DOI: 10.1016/j.bjao.2022.100114
Abstrakt: Background: This exploratory study aimed to investigate whether dexmedetomidine, propofol, sevoflurane, and S-ketamine affect oxylipins and bile acids, which are functionally diverse molecules with possible connections to cellular bioenergetics, immune modulation, and organ protection.
Methods: In this randomised, open-label, controlled, parallel group, Phase IV clinical drug trial, healthy male subjects ( n =160) received equipotent doses (EC 50 for verbal command) of dexmedetomidine (1.5 ng ml -1 ; n =40), propofol (1.7 μg ml -1 ; n =40), sevoflurane (0.9% end-tidal; n =40), S-ketamine (0.75 μg ml -1 ; n =20), or placebo ( n =20). Blood samples for tandem mass spectrometry were obtained at baseline, after study drug administration at 60 and 130 min from baseline; 40 metabolites were analysed.

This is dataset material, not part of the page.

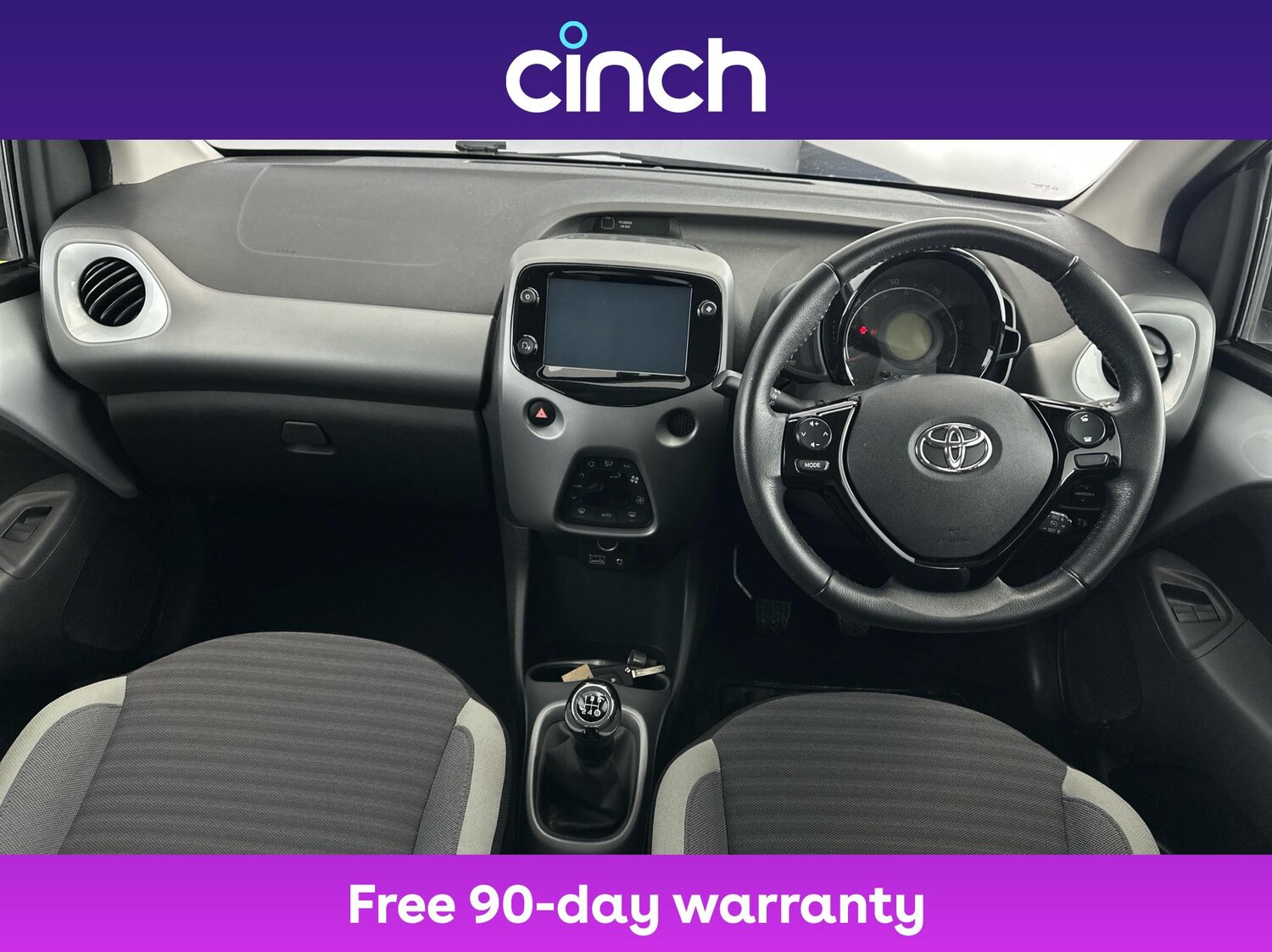 Used Toyota AYGO 2019 for sale - 76453850: Photo 15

Results: Statistically significant changes vs placebo were observed in 62.5%, 12.5%, 5.0%, and 2.5% of analytes in dexmedetomidine, propofol, sevoflurane, and S-ketamine groups, respectively. Data are presented as standard deviation score, 95% confidence interval, and P -value. Dexmedetomidine induced wide-ranging decreases in oxylipins and bile acids. Amongst others, 9,10-dihydroxyoctadecenoic acid (DiHOME) -1.19 (-1.6; -0.78), P <0.001 and 12,13-DiHOME -1.22 (-1.66; -0.77), P <0.001 were affected. Propofol elevated 9,10-DiHOME 2.29 (1.62; 2.96), P <0.001 and 12,13-DiHOME 2.13 (1.42; 2.84), P <0.001. Analytes were mostly unaffected by S-ketamine. Sevoflurane decreased tauroursodeoxycholic acid (TUDCA) -2.7 (-3.84; -1.55), P =0.015.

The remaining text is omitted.